From the first day in the Ukraine, the bikes, even in the hands of a highly skilled off road instructor, were not really suitable for following our offroad trails across Ukraine and so the bikes ended up taking the asphalt roads across Ukraine, Western Russia and Kazakhstan. Ultimately by the time the bikes got the the legendary BAM Road, the attempt to duplicate our X-Challenge based ride last year had ground to a halt. Even with the backing of a major manufacturer in BMW, new factory prepared bikes, and in the hands of a skilled off road instructor with over a decade of motorcycle adventure experience thrown in as well, which is Joe, AND bypassing 90% of the offroad route in favour of asphalt across Ukraine, Western Russia and Kazakhstan, it was a bridge too far on a 300 kg fully loaded bike (230 kgs wet, plus 2 metal boxes (10 kgs), luggage frames and assorted Touratech accessories (10 kgs), plus 5 main containers of luggage – two metal boxes worth, plus 3 ortlieb roll bags, each of which contains an avge 10 kgs of stuff).

Certainly the challenge Joe took on, of riding the BAM Road, is made a lot tougher by choosing a heavy bike like an F800 Adventure. Despite the fact that the BAM is successfully ridden by about 20 bikes a year these days now, since the time it fell into disrepair in the mid to late 1990s, either half of the BAM Road has only successfully been ridden by multi-cylinder motorcycles on just two occasions. Steve Royset and Iker Iturregi on an F800 and a KTM 990 both in 2012. Steve said if he ever did it again he would do it on an G650 X-Challenge, while Iker, a genuine Dakar level rider, admitted the road was tougher than expected and a KTM 690 would have been a smarter choice. The other 60 odd riders of the Western BAM since the late 1990s (in reality since 2009 onwards) have been on single cylinder motorcycles.

Another great example of the realisation that the F800GS is not what it purports to be – a middleweight adventure bike – and how weight matters, can be found in the travel experiences of Ben Myburgh, a young, mechanically savvy (and physically big) rider from the US, who headed to the Old Summer Road on an F800GS in 2011. He began with an extensive blog titled Round the World F800GS preparation. It details Ben’s fantastic efforts to put together what he believed would be a suitable RTW machine. It culminated in this photo in May 2011 immediately prior to departure.

On the Road of Bones, Ben met up and rode with a Japanese rider on a DR650, with soft luggage, perhaps 50 kgs lighter all up. Bear in mind that Ben is a big, physically strong young lad with loads of prior off-road experience, being into rallies and off road riding from a very young age. Here’s what Ben said about his riding companion:

 “he is cheating… he is on a DRZ – 650 with very small baggage… he just bounces thru everything while I hit everything!
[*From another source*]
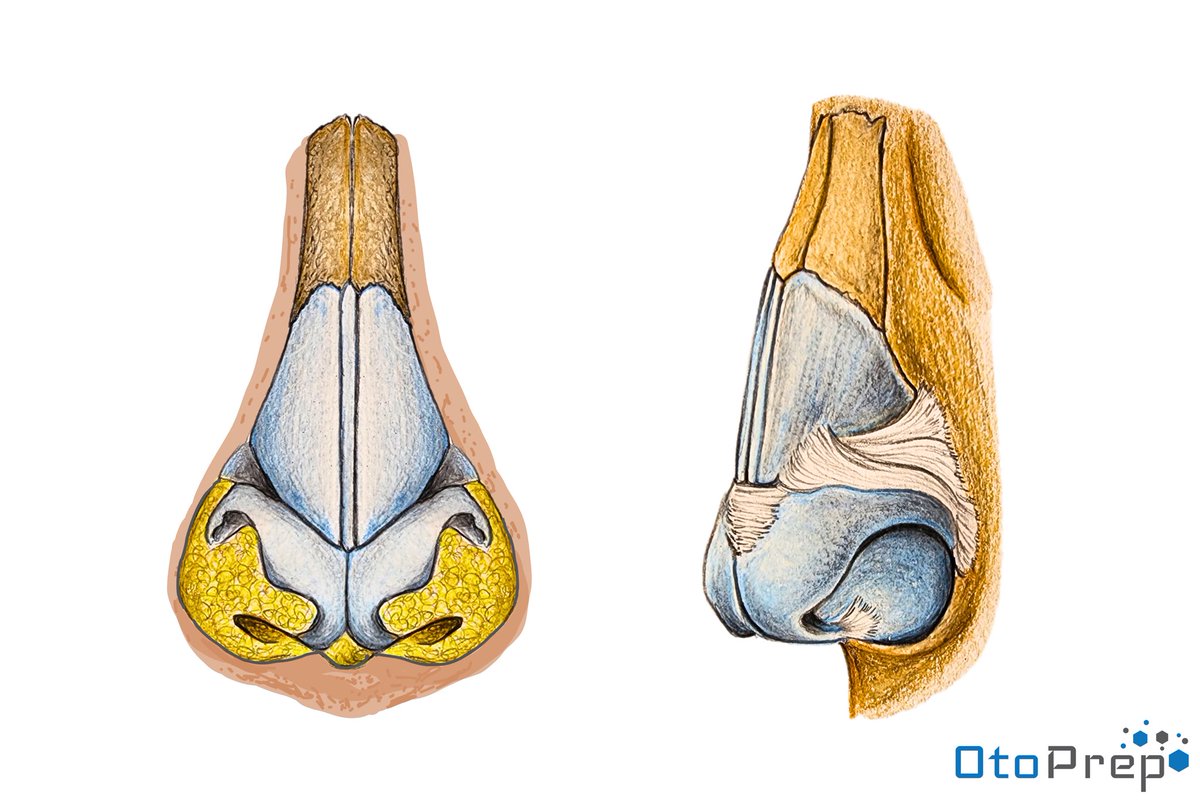 Dive into Rhinoplasty anatomy with #OtoPrep! 🧐 Can you identify where nasal bones meet cartilages? Spot key structures from quadrilateral cartilage to the scroll area. Test & share your answers! 📚 #NoseAnatomy #ENTeducation #MedStudents #MedEd #Rhinoplasty #Otolaryngology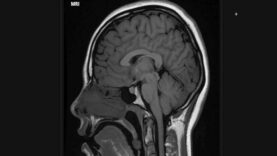 How to Read a Brain MRI Basic Search Pattern Sequences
With my whole bike clanging around I could tell I brought the wrong bike for the job…” . 

http://www.advrider.com/forums/showpost.php?p=16466178&postcount=370

As soon as Ben had landed back in the US, he prepared to take up again his extensive bike preparation thread, and the first post was from the moderator informing the readers that Ben was changing the name of the thread to “F800GS goes on a diet”. Then Ben detailed the aspects of the bike he found deficient on his RTW adventure ride and that he was going to change. 17 inch “road sized” rear wheel would be changed to an 18 inch “off road” sized wheel. The poor forks would be swapped out for better suspension. Hard luggage would be changed for lighter and more flexible soft luggage. But the overriding goal of them all was to strip the bike down to achieve a dry weight of 160 kgs (350 lbs). I dont believe he ever made it, and now rides lighter bikes.

There are 3 riders that have ridden the Road of Bones’s Old Summer Road section on F800GSs, Tomas Holman, Ben Myburgh, and Steve Royset. All three of them took immediate action regarding weight after their rides. Ben Myburgh as detailed above, tried to strip his bike down to 160 kgs dry. Tomas Holman and Steve Royset had bought 144 kg X-Challenges within a month of getting back to the western world.

If we move away from the 200 kg F800 GS / GSA in particular and consider weight in general, the ultimate conclusions don’t change. A further interesting observation related to weight from a rider riding around the world on a KTM 690 (138 kgs dry) at the moment. He was last month in the stunning scenery of Tajikistan …

 Quote:

“Soon after the tunnel I met a guy from Germany on a brand new BMW 1200. I told him about the tunnel and the southern route along the Pamir. He said he would skip the southern route because he is not confident in his ability with this heavy bike. I wanted to ask him why? Why have a big bike if it will limit your trip?” . 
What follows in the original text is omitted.